● To do: Could you retype exactly the line containing "Reuzel Daily Conditioner" and every line after it in the data below, leaving out the pictures?

● Input data:
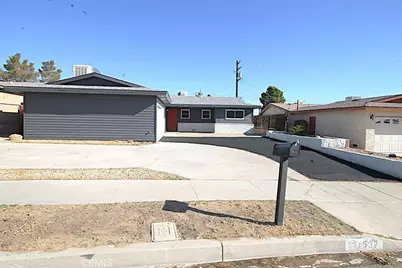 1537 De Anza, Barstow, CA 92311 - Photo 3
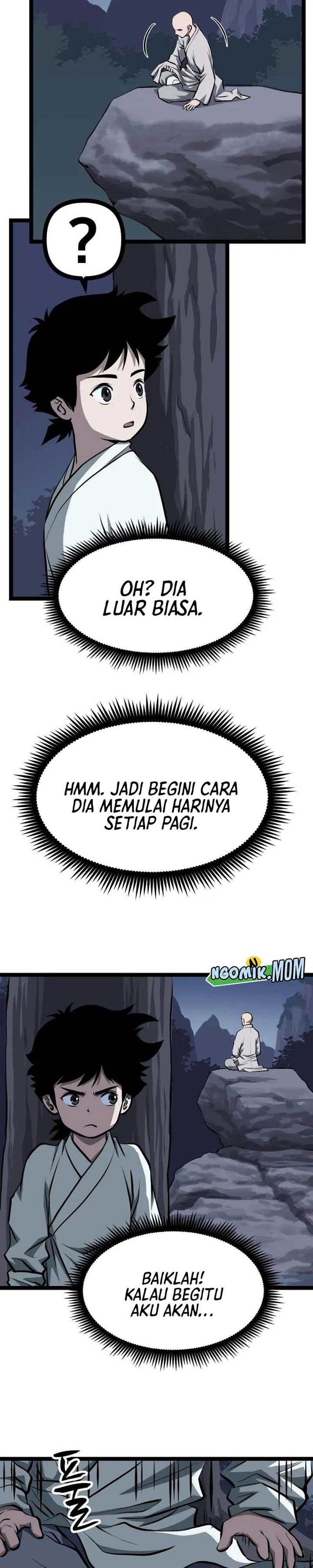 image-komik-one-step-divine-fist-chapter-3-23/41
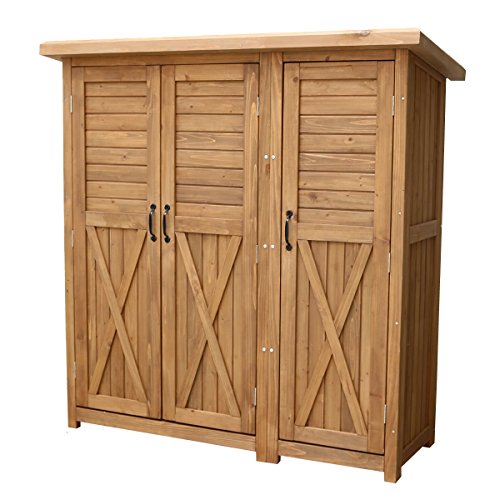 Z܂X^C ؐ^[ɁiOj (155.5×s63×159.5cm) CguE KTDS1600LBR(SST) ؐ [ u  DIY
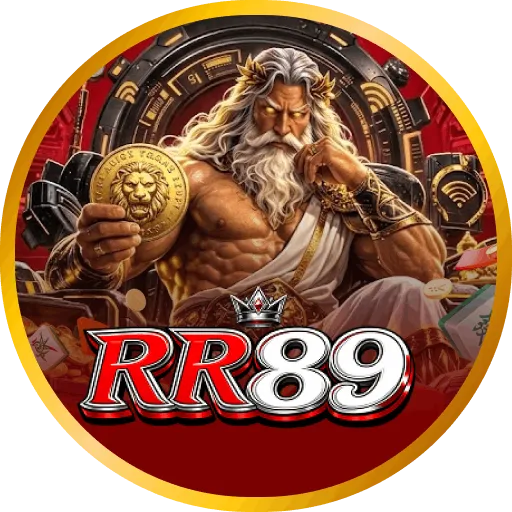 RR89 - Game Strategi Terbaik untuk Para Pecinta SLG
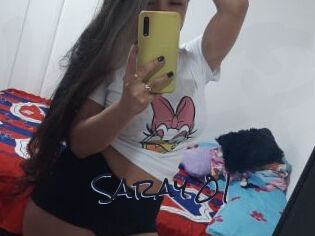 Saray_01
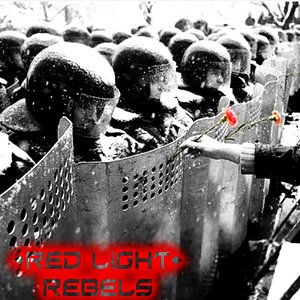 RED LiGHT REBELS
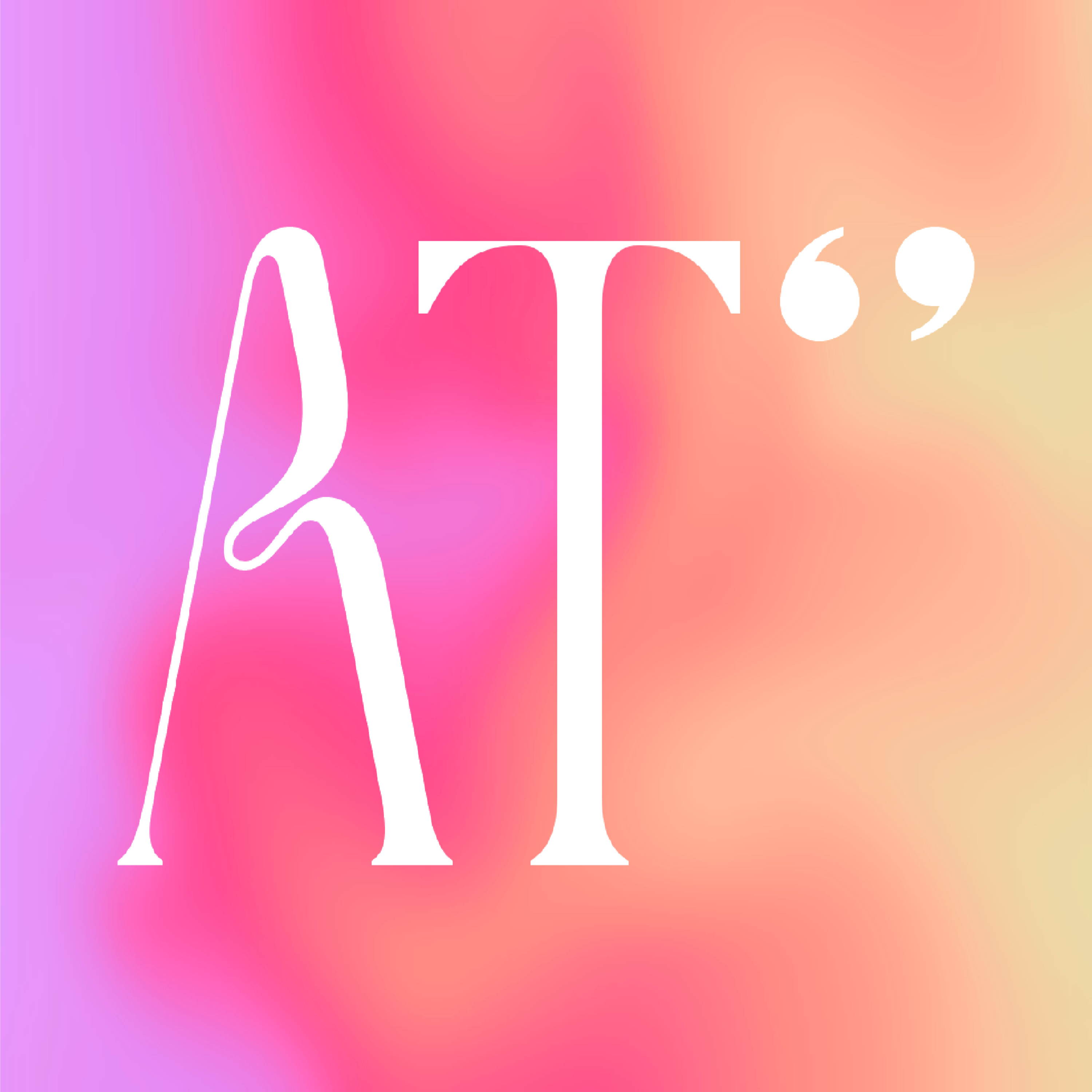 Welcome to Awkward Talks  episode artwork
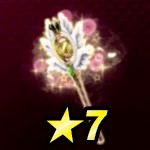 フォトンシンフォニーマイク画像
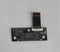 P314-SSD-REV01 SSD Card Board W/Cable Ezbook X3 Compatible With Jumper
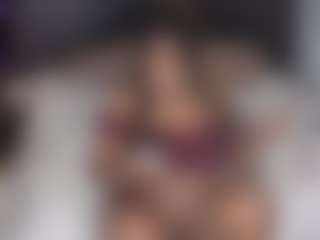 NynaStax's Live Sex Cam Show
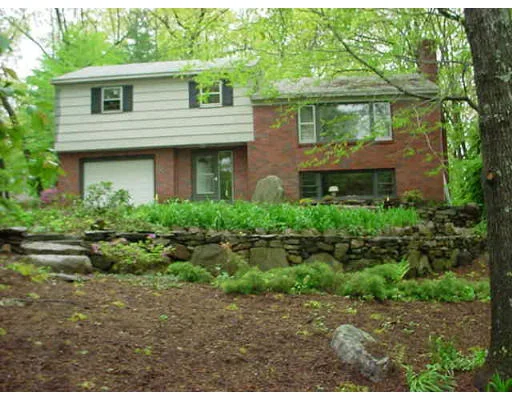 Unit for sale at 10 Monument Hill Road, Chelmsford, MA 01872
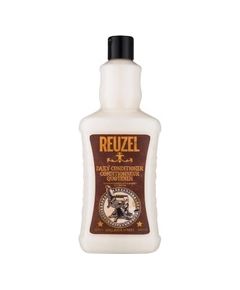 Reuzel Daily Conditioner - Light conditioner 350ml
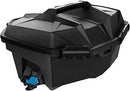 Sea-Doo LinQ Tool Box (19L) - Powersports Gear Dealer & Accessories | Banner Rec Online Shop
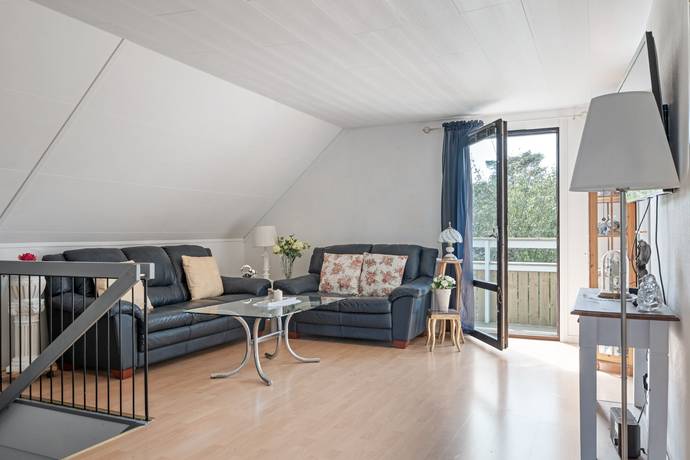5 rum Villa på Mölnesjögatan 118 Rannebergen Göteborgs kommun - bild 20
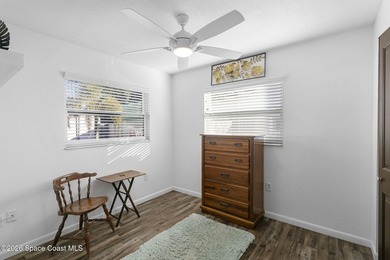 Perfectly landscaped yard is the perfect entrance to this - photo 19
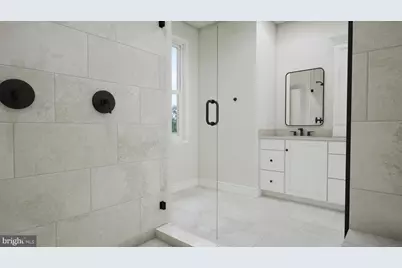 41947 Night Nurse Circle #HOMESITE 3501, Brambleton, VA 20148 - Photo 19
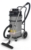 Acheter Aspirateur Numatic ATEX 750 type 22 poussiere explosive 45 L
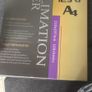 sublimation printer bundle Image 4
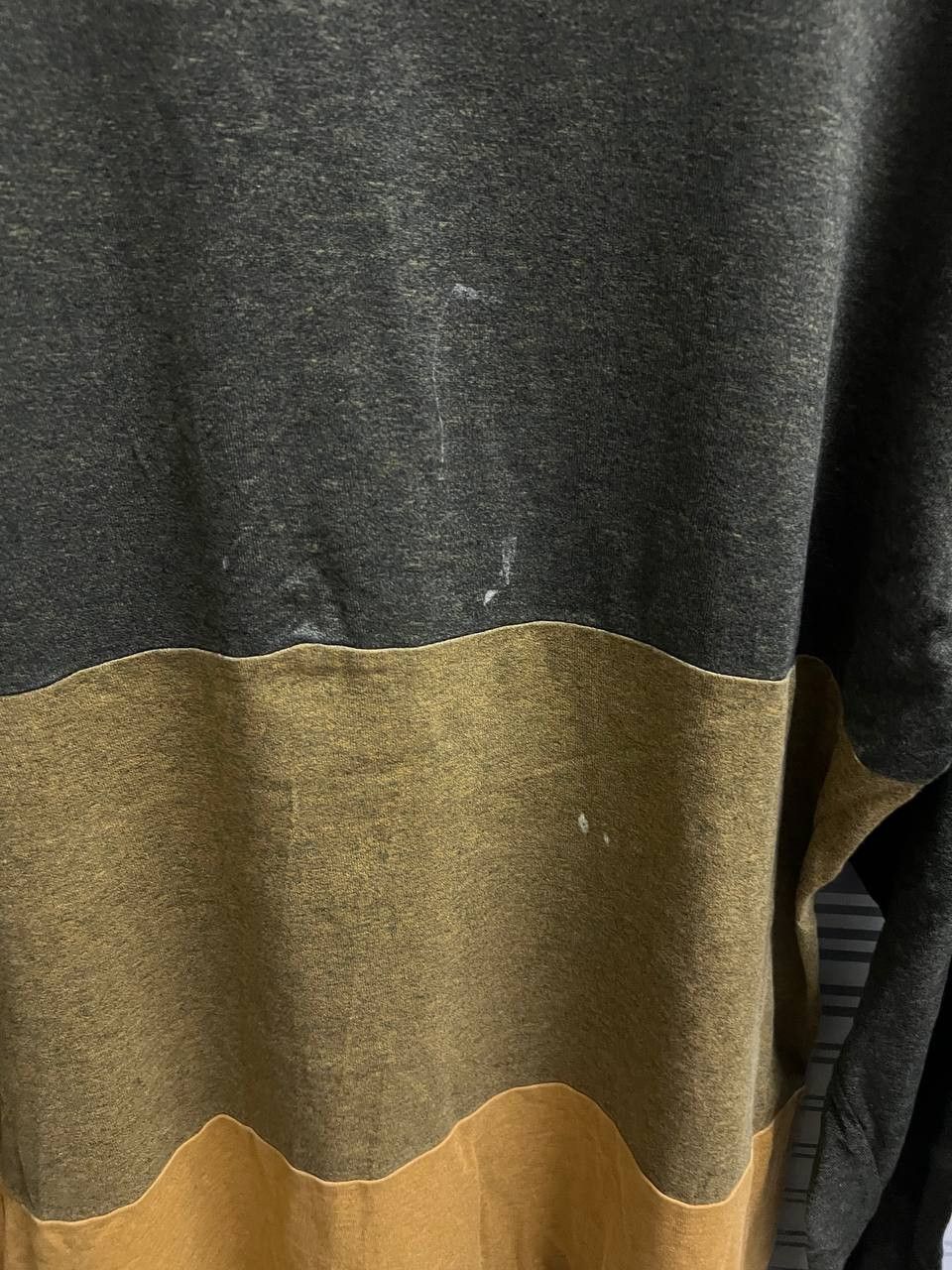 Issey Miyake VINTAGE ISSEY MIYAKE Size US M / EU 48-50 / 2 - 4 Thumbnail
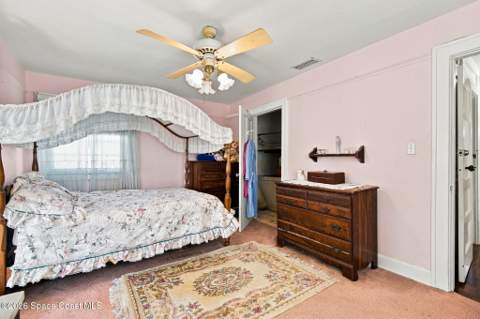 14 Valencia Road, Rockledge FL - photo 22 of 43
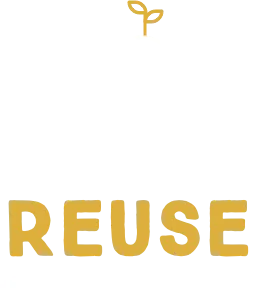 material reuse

● Problem solution:
 Reuzel Daily Conditioner - Light conditioner 350ml
 Sea-Doo LinQ Tool Box (19L) - Powersports Gear Dealer & Accessories | Banner Rec Online Shop
5 rum Villa på Mölnesjögatan 118 Rannebergen Göteborgs kommun - bild 20
 Perfectly landscaped yard is the perfect entrance to this - photo 19
 41947 Night Nurse Circle #HOMESITE 3501, Brambleton, VA 20148 - Photo 19
 Acheter Aspirateur Numatic ATEX 750 type 22 poussiere explosive 45 L
 sublimation printer bundle Image 4
 Issey Miyake VINTAGE ISSEY MIYAKE Size US M / EU 48-50 / 2 - 4 Thumbnail
 14 Valencia Road, Rockledge FL - photo 22 of 43
 material reuse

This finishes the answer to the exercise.